SRAM Stats

How do I see the amount of SRAM used or free? I want to adjust the size of some large buffers etc while writing the sketch. I write code, fiddle with buffers till it doesn't crash, write some more,etc.

Use this function to determine free RAM…

int freeRam() {
  extern int __heap_start, *__brkval;
  int v;
  return (int) &v - (__brkval==0?(int)&__heap_start:(int)__brkval);
}

Maybe this: http://forum.pololu.com/viewtopic.php?f=10&t=989&view=unread#p4218 'll help you!

Thanks for your replies. Is there an addon for the compiler or another compiler that shows stats during design time?

@masterl1nk, That code doesn't compile. If you can post a sketch that will compile it would be appreciated.

Change

extern void __bss_end;

To:

extern uint8_t __bss_end;

However the version linked by masterl1nk is no good if you use malloc or new which catches people out.

The version posted by David is safe for malloc and new use.

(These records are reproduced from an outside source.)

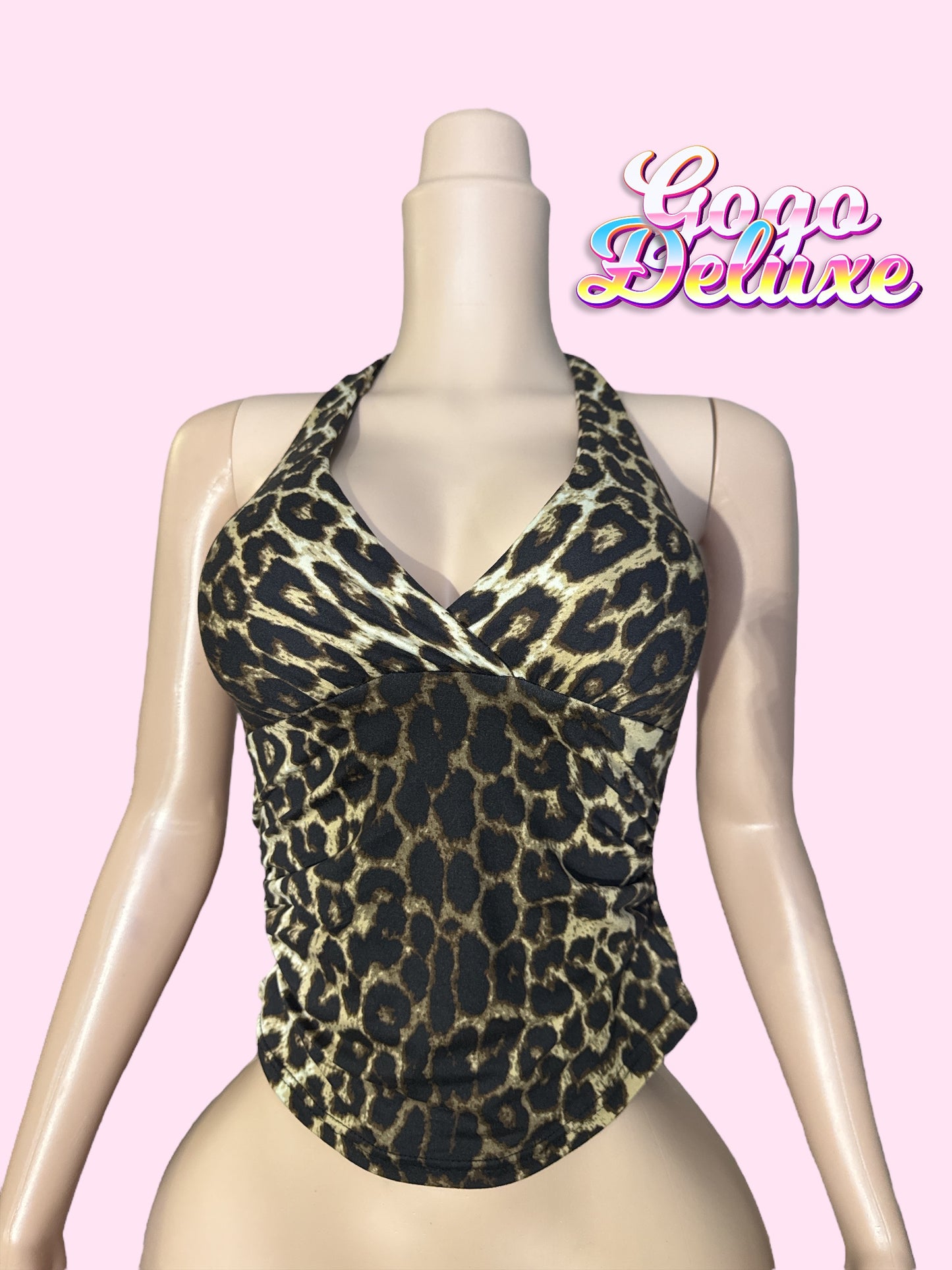 Top animal print oficial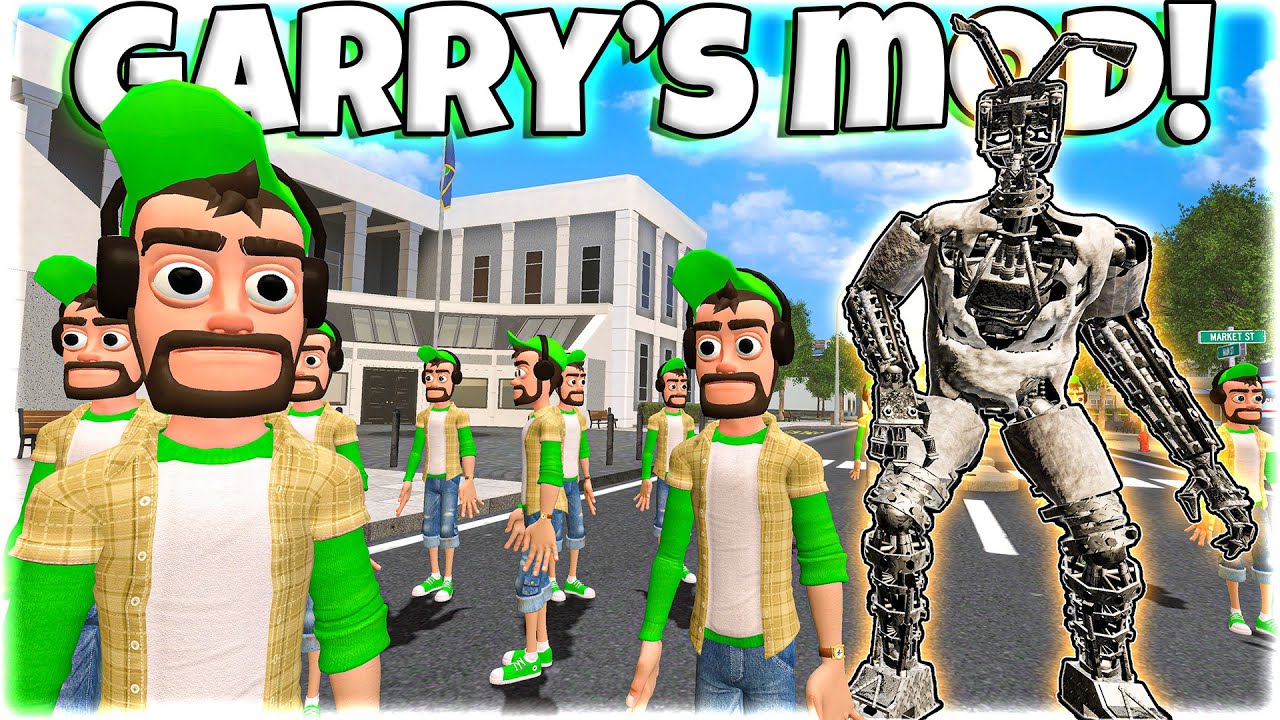 Can NOSEY Find The REAL Me?! - Garry's Mod Hide and Seek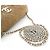Bolsa de Ombro Chanel 65412 Marrom - vista 4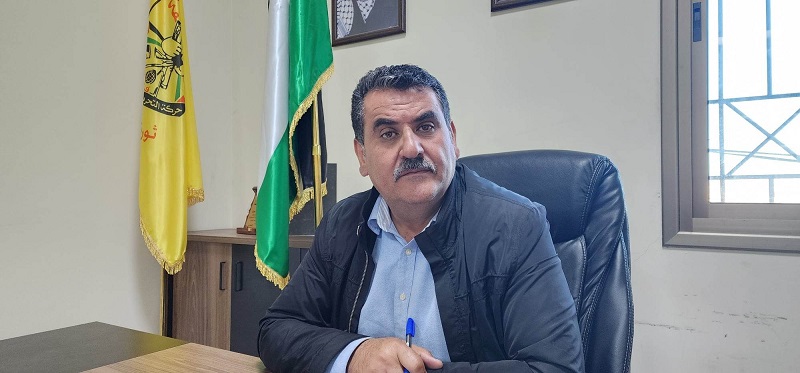 رئيس بلدية حوارة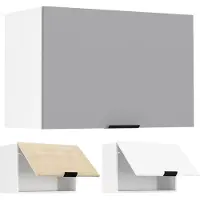 Ebuy24 keukenkast breedte 60 cm scharnierkast wandkast keukenafzuigkap keukenmeubel Fasola keukenkast breedte 60 cm scharnierkast wandkast keukenafzuigkap keukenmeubel Fasola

Thanks for your replies. I don't understand what the code does, I guess it shows the count in the area at the bottom where it shows the compiled byte count. I will just write a small application that will calc the number of each variable and multiply them by the bytes for each type. It will do a new count whenever it sees the source code change. It's 'non arduino' but it will be a quick fix.

The code looks at the block storage section (BSS) to find out how much heap is free and looks at the address of a local variable v, to see where the stack has grown to - basically free RAM is the gap between the current heap-allocation high-water-mark and the stack pointer (stack grows downward).

Thanks Mark, Counting bytes of all declared variables is giving good results so I'll use that for now. I'll probably buy a full featured C compiler for future projects.

I'll probably buy a full featured C compiler for future projects

Why?

Hello AWOL, I have used the Mikro compiler for PIC for many years and so getting an Arduino project going for someone was a bit of a shock. I'm sure the Arduino compiler is ok for projects that don't have nasty bugs but it has limited fault finding tools, eg can't show stats. Compare the difference between it and the equivalent one here http://www.mikroe.com/mikroc/avr/ide/ I'm not trying to put down the Arduino or the compiler, I'm just saying that there are better compilers for some tasks. My familiarity with the Mikro PIC compiler makes the AVR vrsion an obvious choice.

I'm sure the Arduino compiler is ok for projects that don't have nasty bugs but it has limited fault finding tools, eg can't show stats.

The "Arduino compiler" is a fully-functional avr-gcc compiler.

It functions well to produce code. It does have limited fault finding tools. Please read my post, I'm not trying to knock it. The writer of the project spent days trying to get it working, I spent more than necessary because I couldn't see the memory usage. Reducing the size of his buffers fixed the problem and commenting out code that used lots of int varables also fixed it but seeing how close he was to the limit was not easy. I just kept reducing the size of his buffers (they were byte errorarray[90], etc) until it worked. It also had an unnecessary lot of long strings in SRAM that didn't help eg "Error 34. The motor speed is too high"

My familiarity with the Mikro PIC compiler makes the AVR vrsion an obvious choice.

I had a quick look, but it does not seem to support C++, maybe it does but it raves about C everywhere.

If there is no C++, most of the Arduino core is unusable.

It also had an unnecessary lot of long strings in SRAM that didn't help eg "Error 34. The motor speed is too high"

You know you can simply move them into program memory don't you.

Serial.println(F("This string will be stored in flash memory"));

From:- http://playground.arduino.cc/Learning/Memory

Thanks Mike, that's a handy technique, and easy to access the strings too. I got it working by reducing his need for huge buffers but without your suggestion the only other option would have been to reduce the long strings, thanks.